Damage to the kidneys is assessed through a combination of physical examination, blood tests, urine tests, and imaging procedures. Diagnosis of nephrotoxic injury as the underlying cause results from a thorough investigation of the patient's history. Information regarding preexisting conditions, current prescriptions, and environmental exposures to toxins aid the physician in determining what toxin, if any, has caused the kidneys to malfunction.
Treatment of nephrotoxic injury takes place in the hospital and focuses on removing the toxin from the patient's system, while maintaining kidney function. Removal methods are targeted to specific toxins and may include the use of diuretics or chelates to enhance excretion of the toxin in urine, or, in extreme cases, the direct removal of toxins from the blood via hemodialysis or passing the blood over an absorbent substance such as
The outcome of nephrotoxic injury is determined by the cause and severity of the damage. In cases where damage has not progressed beyond acute renal failure, kidney function can be fully restored once the toxin is removed from the system and equilibrium restored. However, if permanent damage has resulted in chronic renal failure, lifelong dialysis or a kidney transplant may be required.
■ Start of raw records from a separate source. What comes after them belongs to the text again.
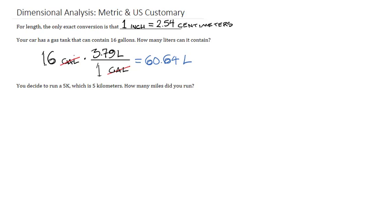For the second one, we decide to run a 5k, which is 5 kilometers. How many miles do we run? We start with kilometers and we end with miles. Now we do have a conversion rate between kilometers and miles, but if you don't have that, there's always a failsafe. There's always a backup,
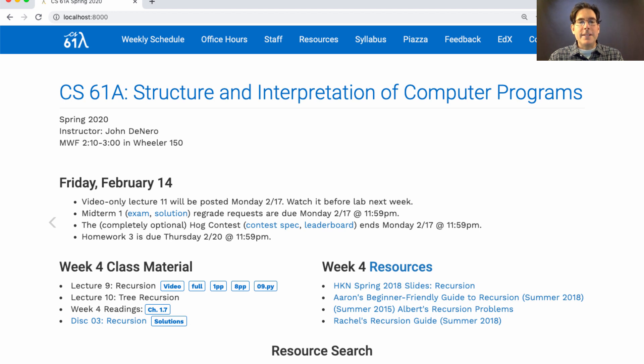Midterm 1 regrade requests are due on Monday. The completely optional hog strategy contest ends on Monday, and homework 3 is due on Thursday.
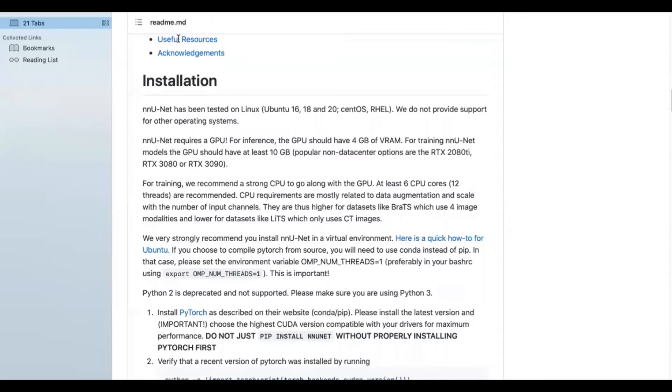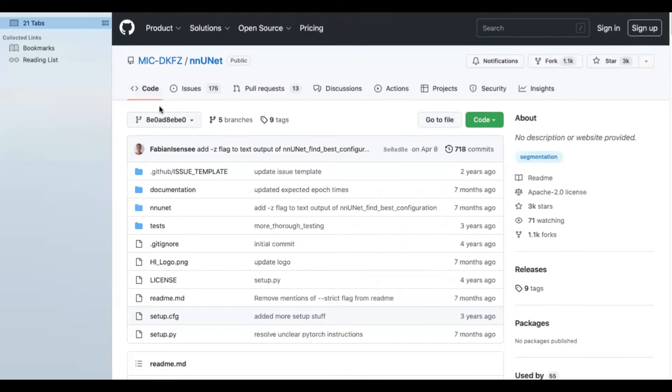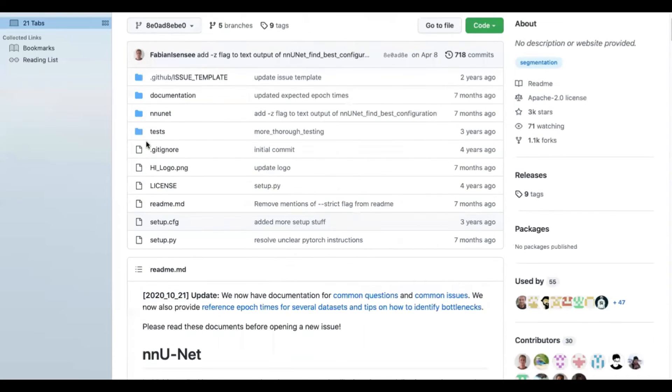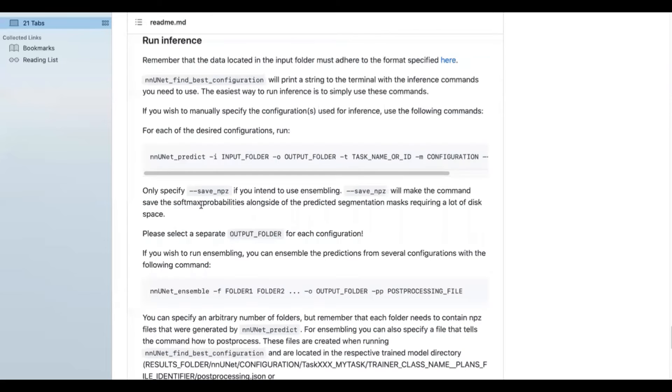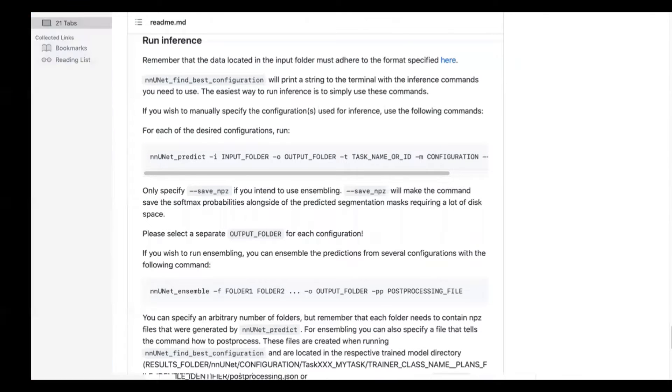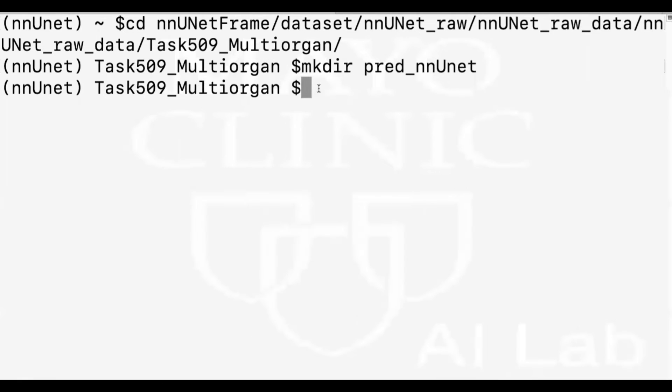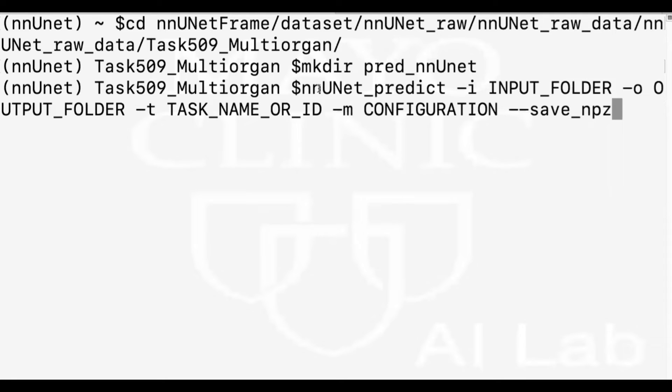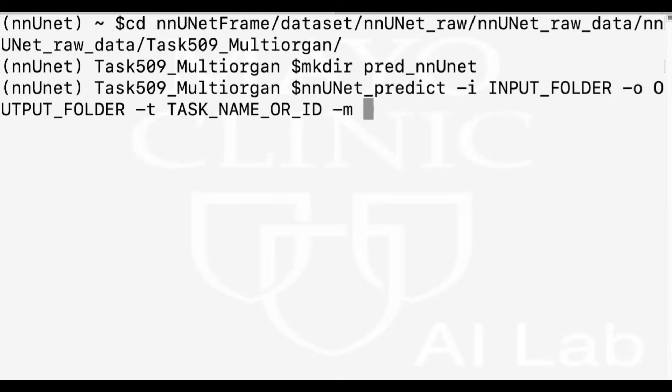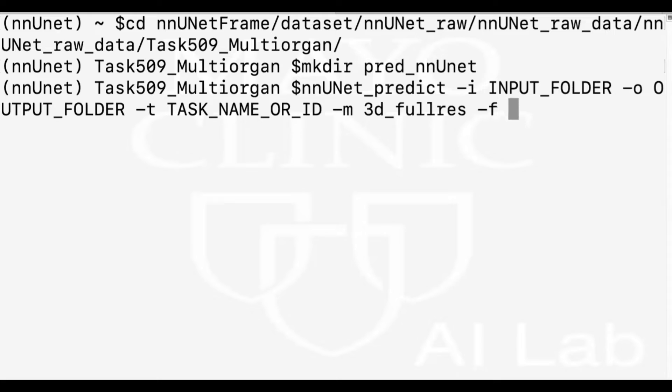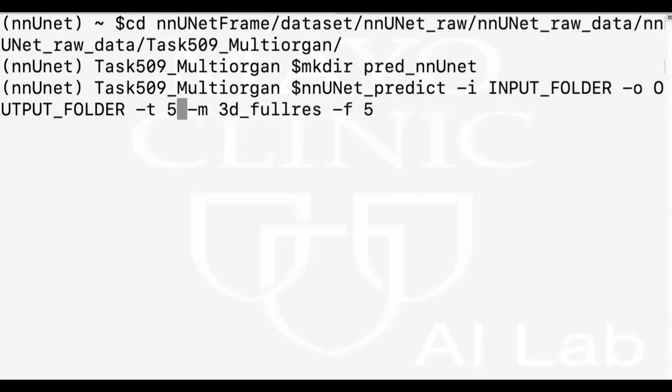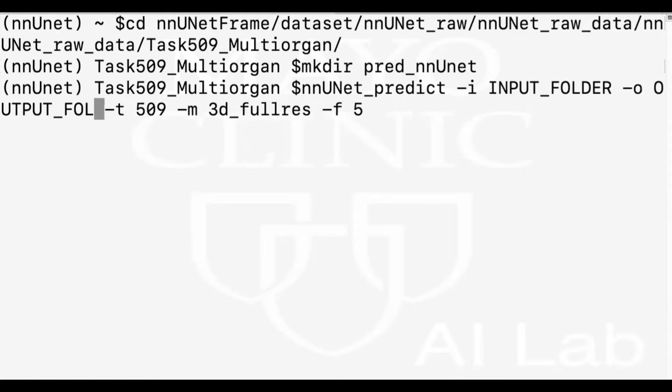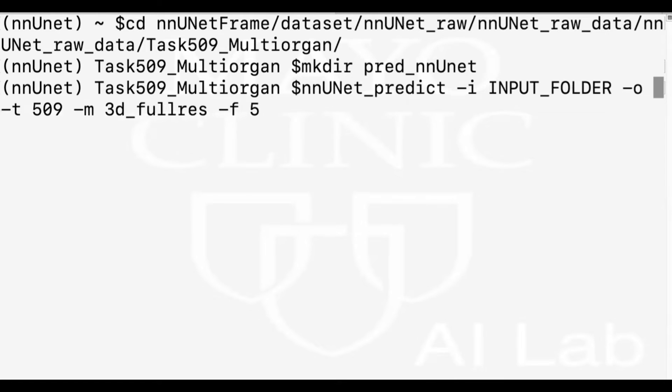Now we go to nnU-Net main page and click on run inference to find the command. And I'll copy this command and paste it into terminal. So the configuration can be 3D full res, it can be a 3D cascade, it can be 2D. Here I've trained a 3D full res and I choose fold number 5 and the task ID 509. And output folder would be the pred_nnUNet that I just created.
Exposure to nephrotoxins can be minimized several different ways. When taking antibiotics or analgesics, recommended dosages should be strictly followed. Also, elderly patients on these medications (for example, those taking aspirin for heart problems or NSAIDs for arthritis) should be closely monitored to prevent accidental overdose. Health care workers should be aware of any underlying conditions, such as diabetes or allergies to antibiotics, that may heighten the effect of a potential nephrotoxin. When using solvents or handling heavy metals, procedures regarding their safe use should be employed.
The Merck Manual of Diagnosis and Therapy. 16th ed. Ed. Robert Berkow. Rahway, NJ: Merck Research Laboratories, 1992.
Harrison's Principles of Internal Medicine. Ed. Anthony S. Fauci, et al. New York: McGraw-Hill, 1997.
American Kidney Fund. 6110 Executive Boulevard, Rockville, MD 20852. (800) 638-8299. <http://188.8.131.52/Default.htm>.
National Kidney Foundation. 30 East 33rd St., New York, NY 10016. (800) 622-9010.<http://www.kidney.org>.
Analgesic Nephropathy. HealthAnswers.com. <http://www.healthanswers.com/database/ami/converted/000482.html>. (16 June 1998).
Injury to the Kidney and Ureter. HealthAnswers.com. <http://www.healthanswers.com/database/ami/converted/001065.html>. (7 June 1998).
Bowman's capsule—The structure surrounding the glomerulus.
Chelate—A chemical that binds to heavy metals in the blood, thereby helping the body to excrete them in urine.
Contrast agent—Substance ingested so as to highlight anatomical structures in x-ray imaging tests.
Diuretic—A drug that promotes the excretion of urine.
Glomerulus—A network of capillaries located in the nephron where wastes are filtered from the blood.
Methemoglobin—A compound formed from hemoglobin by oxidation.
Nephron—Basic functional unit of the kidney.
Nephrotoxin—Substance that is poisonous to the kidneys.
Renal failure—Disorder characterized by the kidney's inability to filter wastes from the blood. It may be acute (occuring suddenly and usually reversable) or chronic (developing slowly over time as a result of permanent damage).